In Poul Anderson's "Strange Bedfellows," (Conquests, London, 1981) when the Moon has been fully terraformed:

its rich mineral resources will be exploited;
there will be adequate affordable housing;
one quarter of the surface will be reserved for recreation;
there will be a lot of woods and meadows.

Assuming also easy Earth-Moon travel, this sounds utopian.

Unfortunately, as in Anderson's novels Shield and Harvest Of Stars, a lot of the text is taken up with the hero evading his enemies:

the anti-Lunar conspirators kidnap the terraformer, Sevigny;
he escapes and calls the police;
the police involve the Feds who are controlled by the anti-Lunar conspirators;
Sevigny escapes and appeals to the local Martian consul who is also an anti-Lunar conspirator;
Sevigny escapes...

Eventually, he manages to contact people he can trust to counteract the conspirators.

The "strange bedfellows" of the title must be the disparate coalition of conspirators:

Conservationists who want reclamation of terrestrial deserts, not of the Moon;
corporations wanting contracts for Earthside reclamation;
religious fanatics who regard changes to the Moon as defilement of God's handiwork;
a Secretary of Resources who wants funds spent at home to increase his bureaucracy;
even a Martian society that wants Luna as a new Mars rather than a new Earth.

However, I think that this story neither fits in with the war theme of the Conquests collection nor fulfills Anderson's introduction to it:

"Our descendants may yet create a society more sane than any which has gone before.
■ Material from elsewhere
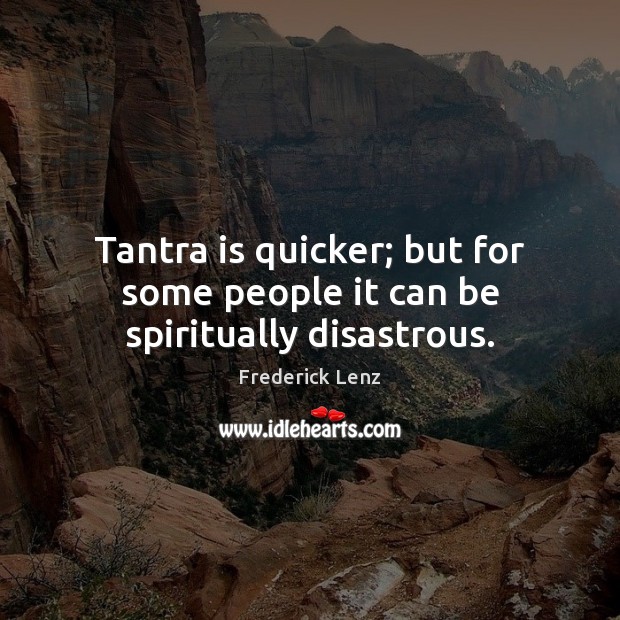Tantra is quicker; but for some people it can be spiritually disastrous. Tantra Quotes Image
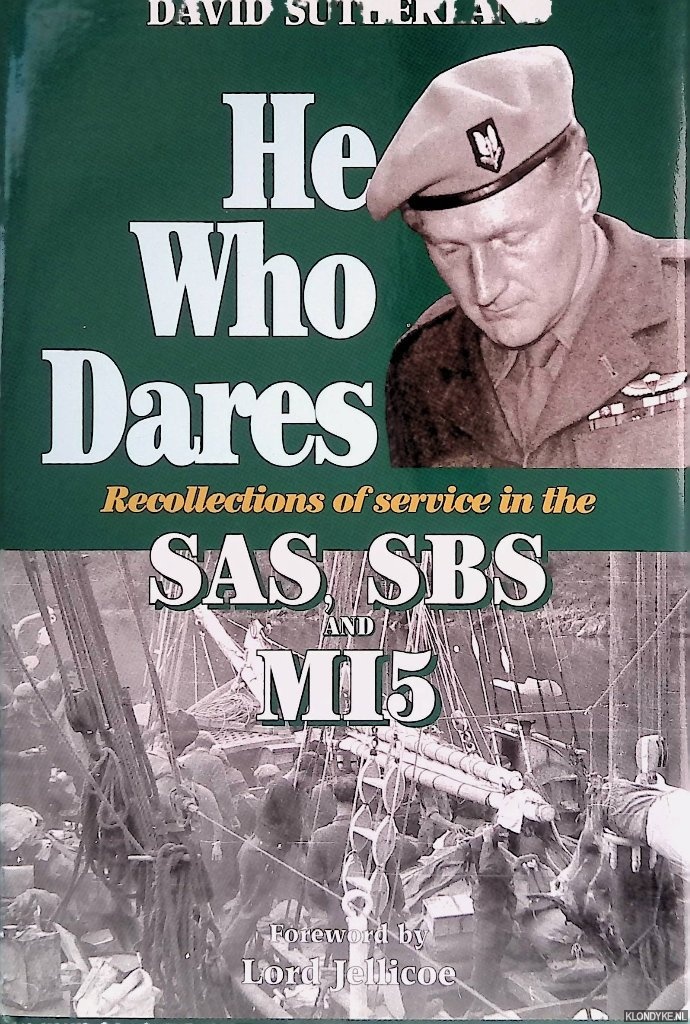 Sutherland, David - He Who Dares: Recollections of Service in the SAS, SBS, and MI5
But will this keep them from insanities of their own?" (p. 187)

There are insanities in the story but not yet, as far as I can see, any society saner than our own.

3 comments:

Sean M. Brooks said...

Hi, Paul!

I don't think it's "unfortunate" that much of "Strange Bedfellows" and novels like SHIELD is taken up by action adventure derring do. It's my view that Anderson was able to balance action adventure alongside discussion of ideas in more or less the right proportions in his works.

I think one reason I got tired of Asimov's fiction was because of how they were so largely dialogues between his characters and very little action. It led to him seeming to be too flat, colorless, and monodimensional.

And I argue that "Strange Bedfellows" does fit in with the theme of war and conflict uniting the stories in SEVEN CONQUESTS. The conflict is between those who wanted to terraform the Moon and those who did not. War and conflict does not have to always take overtly military forms.

And one advantage, of course, of planting large forests on a terraformed Moon would be how the oxygen trees give off would help thicken and prolong the atmosphere. Hmmm, given the low Lunar gravity, we might well see trees like maples, oaks, beeches, pines, etc., growing very tall!

Sean

Paul Shackley said...

Sean,
Yes. I would like to read a novel set on a terraformed Luna.
Paul.

Sean M. Brooks said...

Hi, Paul!

I agree, that would be fascinating, a novel set on a terraformed Moon. Closest I know of such a thing being the opening chapter of SATAN'S WORLD. I think at least parts of the Moon were terraformed in the Technic History timeline.